Saturn's moon Titan has odd clouds forming downwind of its lakes—apparently much like clouds seen near North America's Great Lakes, scientists said Monday.
The clouds appear to form from liquid evaporating from the lakes, which then recondense over land, said Mike Brown, a planetary astronomer at the California Institute of Technology.
Near the Great Lakes, similar ribbons of clouds called lake effect clouds form downwind on cold winter days, according to data from NASA's Cassini orbiter.
"Titan is like Buffalo, [New York], without the Bills," Brown quipped.

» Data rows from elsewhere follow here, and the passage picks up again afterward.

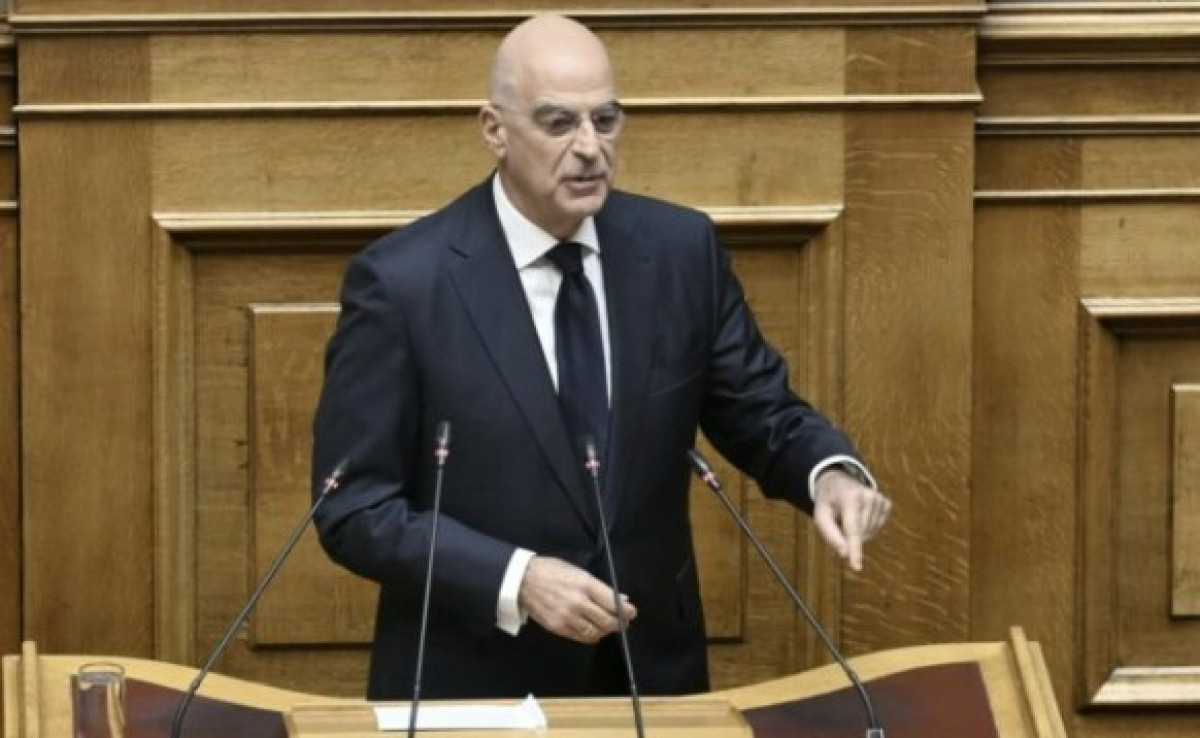 Δένδιας: Αρνείται συσχέτιση των Τεμπών με τη μεταφορά στρατιωτικού υλικού-καυσίμων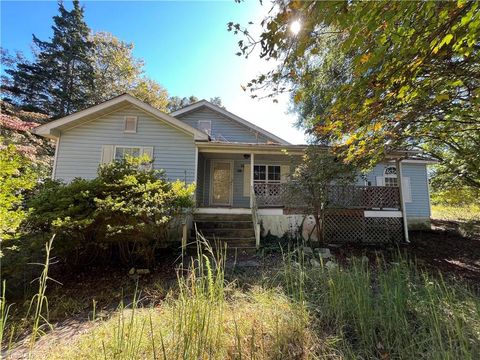 3014 Gilbert Street Winston-Salem NC 27107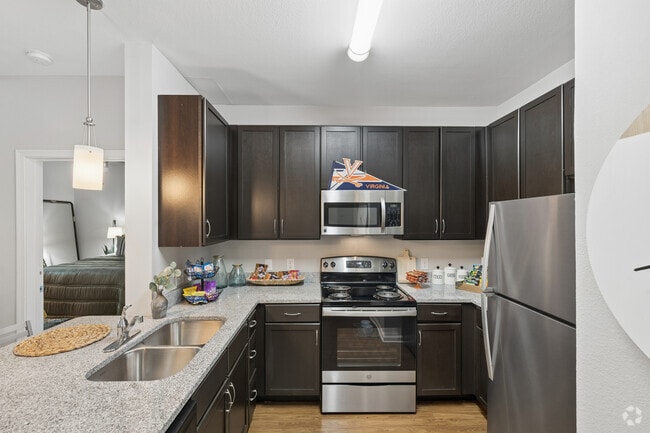 2BR, 2BA - 921SF - Kitchen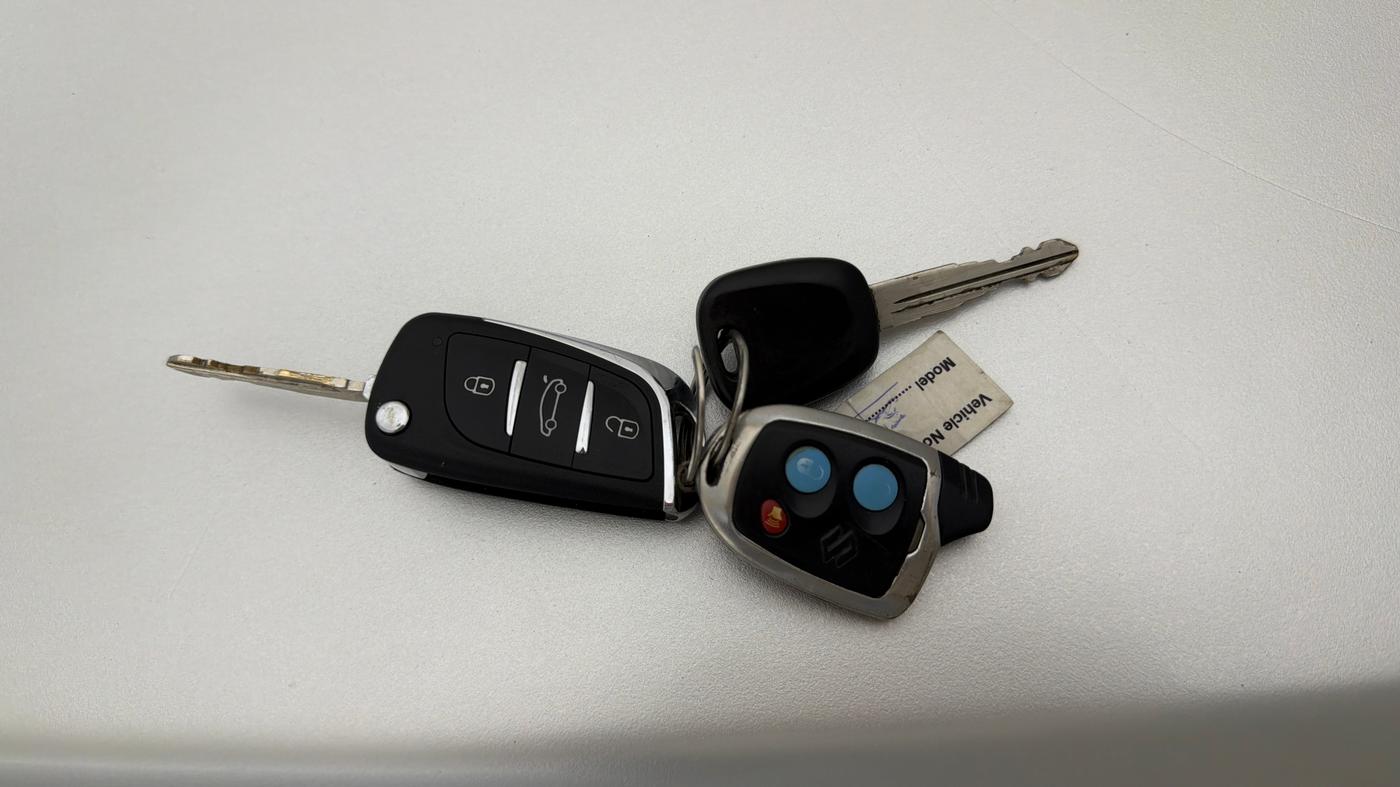2015 Maruti Celerio VXI AMT, Petrol, Automatic, 42,550 km, Key Close Up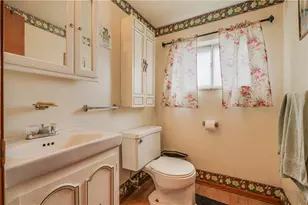 1364 Berryman Ave, South Park, PA 15129 - Photo 13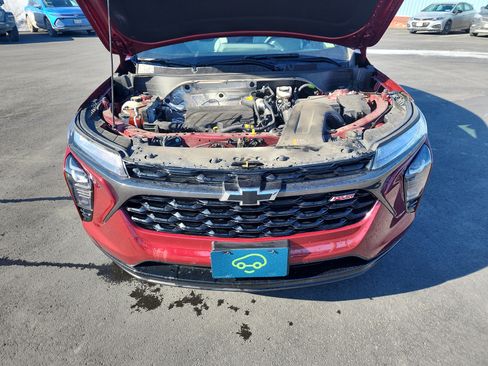 Used 2024 Chevrolet Trax RS w/ Driver Confidence Package image 28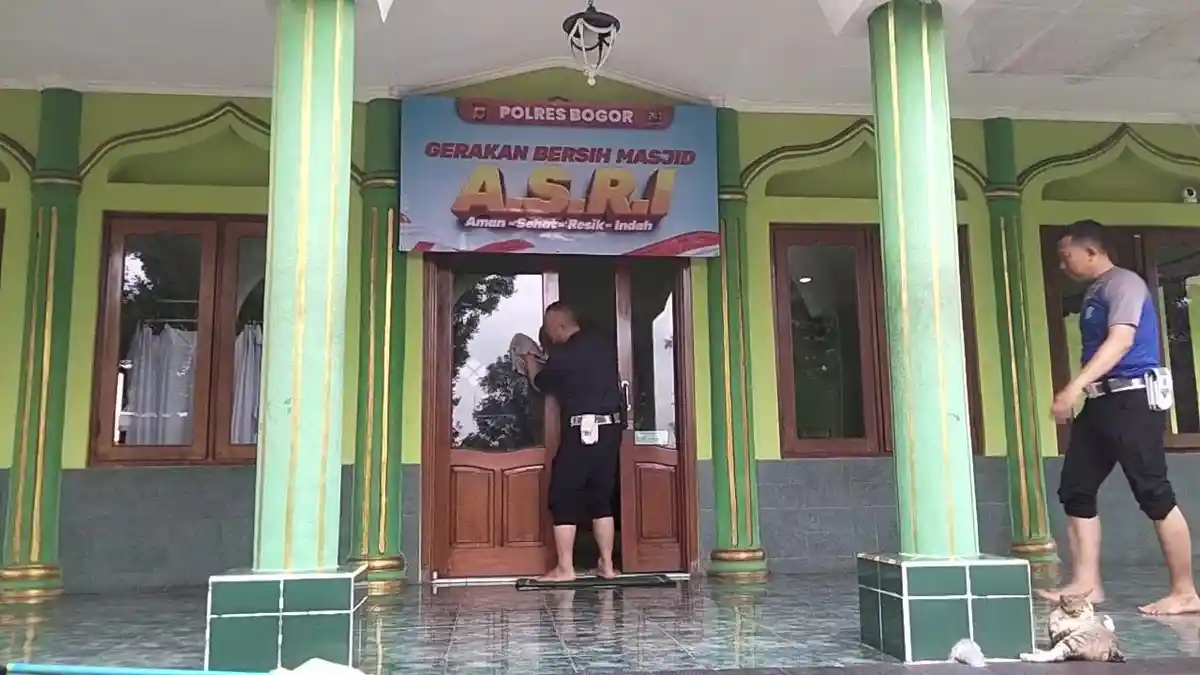 Memasuki Bulan Suci Ramadan 2026, Polres Bogor Bersihkan Sejumlah Masjid hingga Pasangi CCTV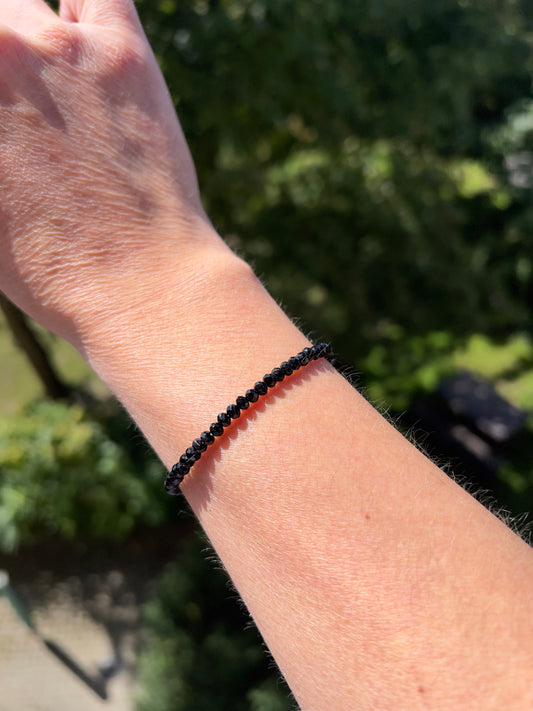 Feines Turmalin - Armband - Schutz, Klarheit & Erdung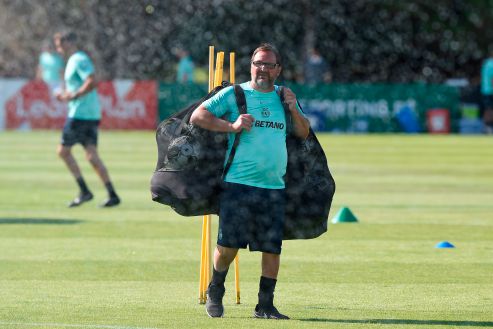 Paulinho, o mítico roupeiro do Sporting - Foto: A BOLA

(Related: "Huge Space Lake Confirmed on Saturn's Moon Titan" [July 31, 2008].)
Scientists have long been interested in a cloud cap above Titan's north pole.
The cloud cap's main layer sits about 40 to 50 kilometers (about 25 to 30 miles) above the moon's surface.
But recent measurements have found another cloud layer—apparently made of the chemical compound methane—about about 6 to 12 miles (10 to 20 kilometers) below that.
"If you look closely at [these] clouds, you see knots and streaks in them," Brown said at an American Geophysical Union meeting in San Francisco.
"They change very rapidly."
Plausible Explanation
In addition to observing lake effect cloud shapes on Titan, Brown noticed that the supposed lake effect clouds only occur downwind of a high-latitude region known to have large lakes.